There is a requirement from the field that this does not happen - effectively a request to “freeze” application leadership for the duration of such upgrades.
Approach
It has been suggested that we only need to consider acting in this capacity when there are leader units on a particular machine being upgraded. However an operator may wish work outside the scope of a single machine upgrade; for example, preventing leadership elections while all non-leaders are upgraded, so as to avoid handing leadership up or down versions.
With this in mind it has been suggested that we expose such a facility as a separate client command in order to ensure that operators can exercise the control they need over such changes.
During discussions of this requirement, consensus has been arrived at for leadership logic not to be modified with code particular to series upgrade concerns; rather that a general lease “pinning” feature be introduced, which series upgrade and future features might recruit.
Design
The immediate focus will be on the general lease pinning facility, not on a new client command.
The leadership layer above the lease implementations does not present an API that gives enough control to do pinning.
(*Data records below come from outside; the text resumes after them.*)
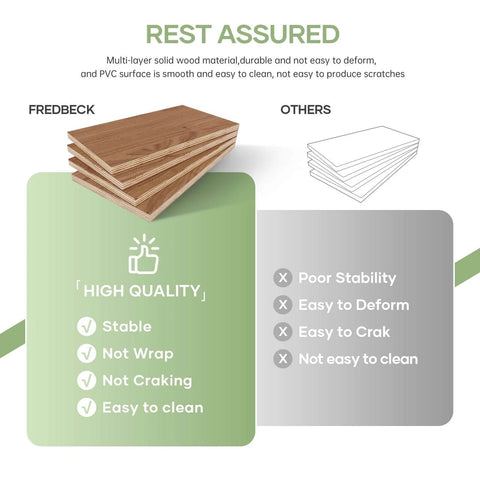 Comparison chart of Fredbeck wood panels showing high quality, stability, and easy cleaning versus competitor panels with poor stability.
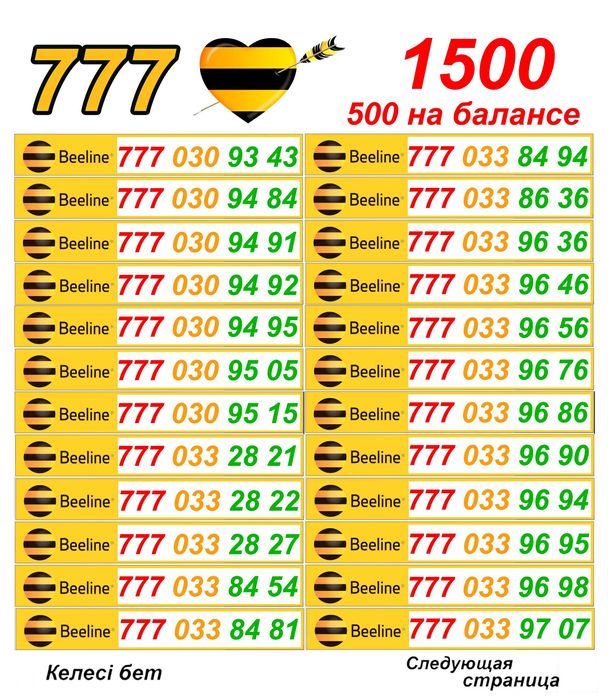 Сим карты . Номера  Билайн. Серия 777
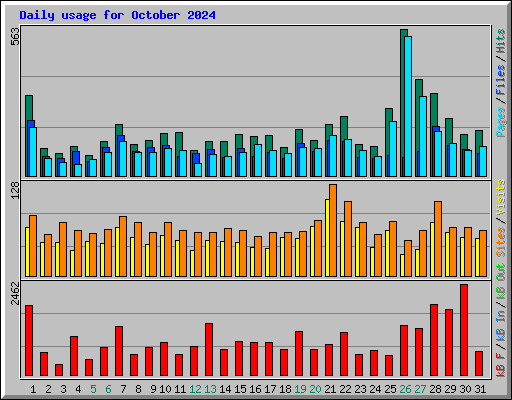 Daily usage for October 2024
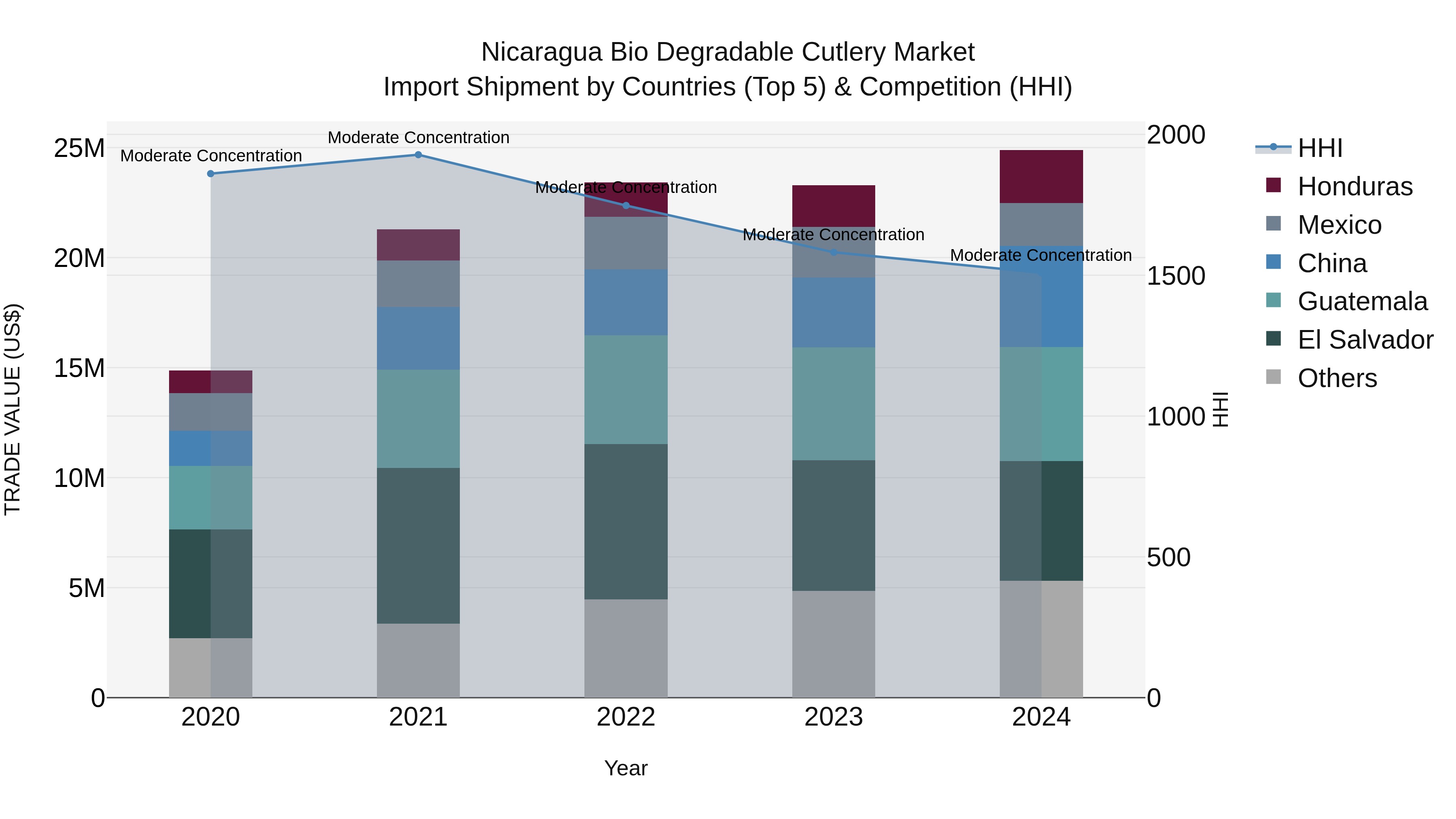 Nicaragua Bio Degradable Cutlery Market: Top 5 Importing Countries and Market Competition (HHI) Analysis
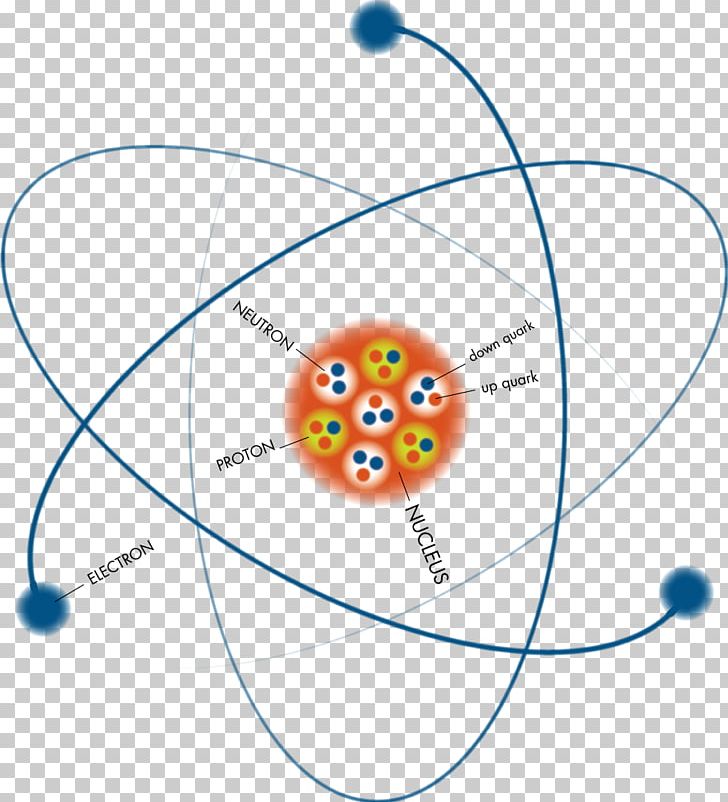Subatomic Particle Atomic Nucleus Atomic Physics PNG, Clipart, Area, Atom, Atomic, Atomic Nucleus, Atomic Theory Free PNG Download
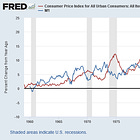 Did Volcker "Beat" Inflation Or Simply Ring-Fence It?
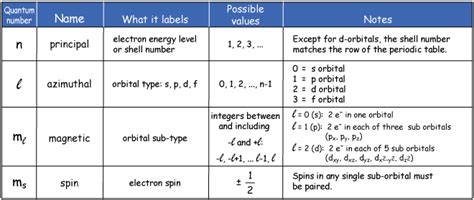 Quantum numbers. | Energy level, Chemistry, Quantum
It is in the lease layer itself that this logic needs to reside. There are currently two lease implementations:
- State-based (legacy)
- Raft
In the develop branch of Juju, Raft is used by default for leases. There is a feature-flag that allows falling back to the legacy state-based lease management.
Possible Method: Pin by Invoking a Long Lease Extension
Under this method, the call to pin the current leader for an application would involve extending the current leader’s lease by some long period, say 10 years. Unpinning would involve setting the expiry back to a standard duration.
Possible Method: Pin by Storing Information in State
This method would involve creating a new collection into which pinned leader units are written and from which they are later removed. It would be consulted and used to circumvent expiry workflow. This presents challenges in the Raft implementation which does not use a connection to MongoDB.
Open Questions
-
Should we be introduce the pinning capability to the legacy lease logic in addition to the Raft implementation?
-
What will be the mechanism for pinning?